Dziś w końcu wybrałam się na działkę. Zero stopni, ale wyszło słoneczko. Dlaczego ta pogoda psuje się akurat w sobotę, to nie wiem. Bałam się, że i za tydzień będzie nie taka, bo coś deszcze zapowiadają, a wtedy mogłabym nie zdążyć z wycinaniem suchelców, zwłaszcza, że już niektóre ruszają.
Wiosny, to u mnie jeszcze nie ma. Takie przedwiośnie raczej. Kwitną przebiśniegi, na wierzbie bazie, tulipany botaniczne i żonkile powychodziły na kilka cm, widać różne pączki i gdzieniegdzie coś zielonego.
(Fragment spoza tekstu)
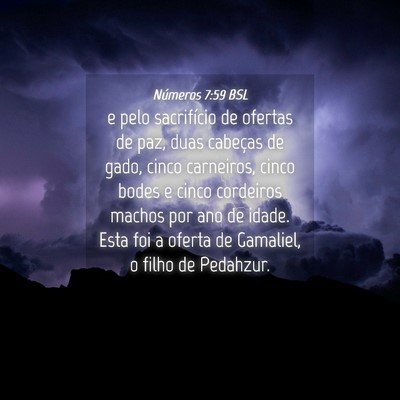 Picture 04 - Números 7:59 BSL - e pelo sacrifício de ofertas de paz, duas - Bible Verse Picture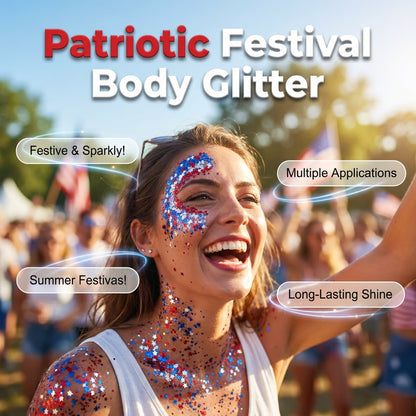 🎉News Last Day 49%off💯- 3-in-1 patriotic glow red white blue glitter body stick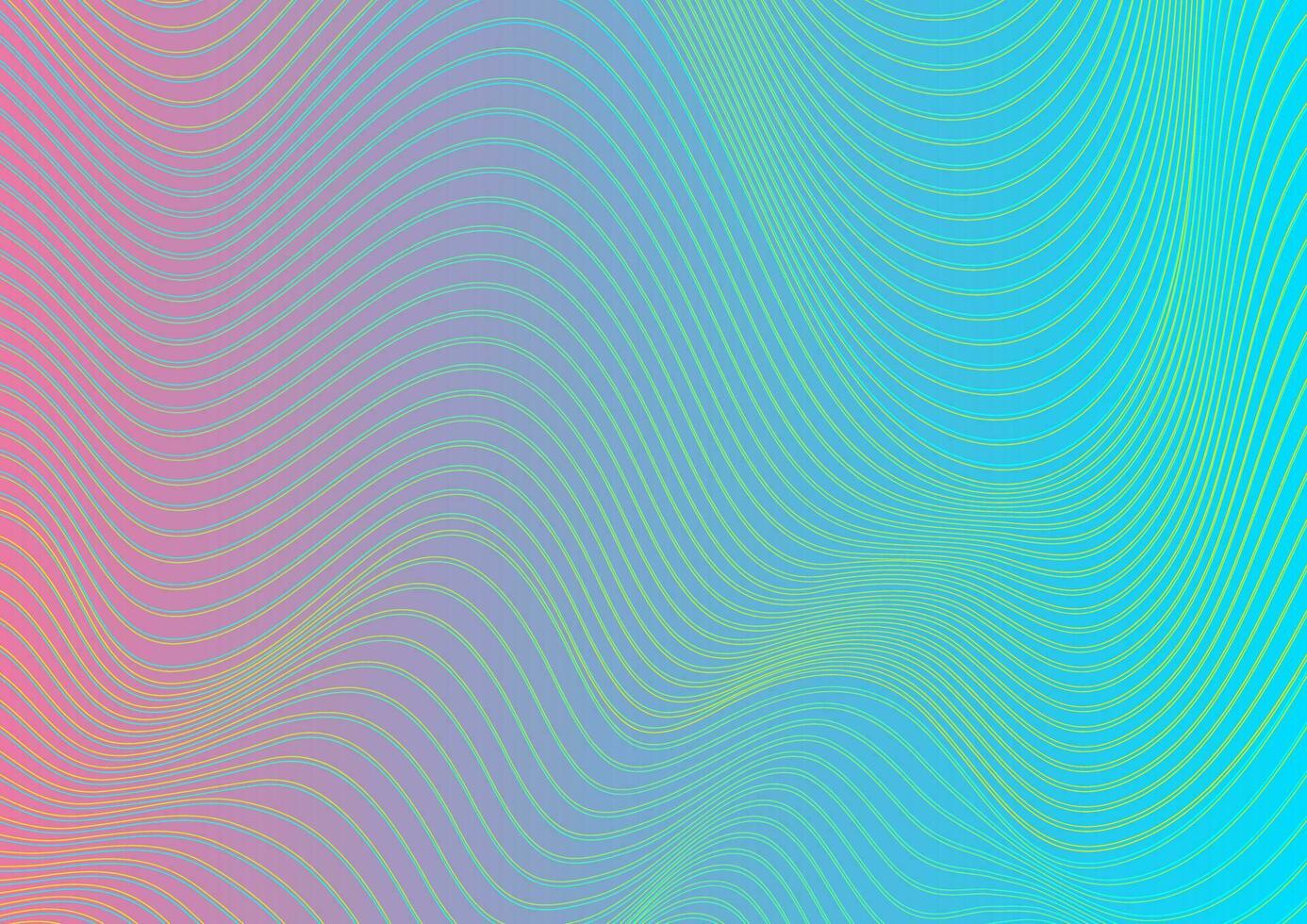 Colorful curved wavy lines pattern design vector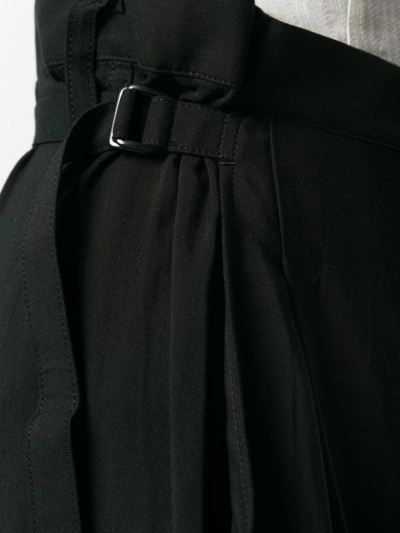 Shop Yohji Yamamoto High Waisted Loose Trousers - Black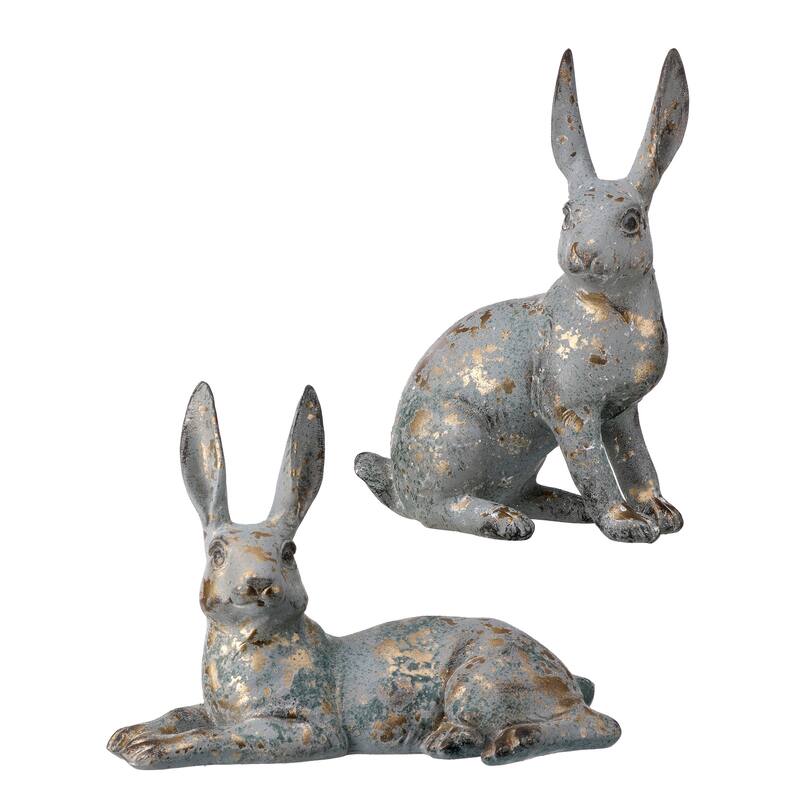 Resin Sit And Lay Rabbit Set of 2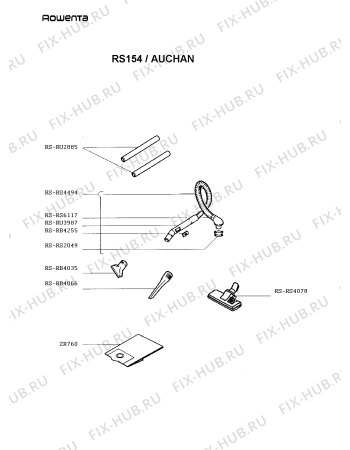 Взрыв-схема пылесоса Rowenta RS154 - Схема узла rs154_a_.FR2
A w bardziej osłoniętym od słońca miejscu, nawet śnieg jeszcze leży. Najwięcej jednak widać burości.
Trochę strat zimowych będzie i w tym roku to nie przez sarenki, ale myszy lub im podobne stworzonka. Wszamały korzenie krwiściąga, w jednym miejscu irysy syberyjskie, parę jeżówek i floksów wiechowatych. Nawet kilka tulipanów posadzonych w pojemniku. Wykopały dziurę w ziemi od góry, żeby tylko dostać się do smacznej cebulki.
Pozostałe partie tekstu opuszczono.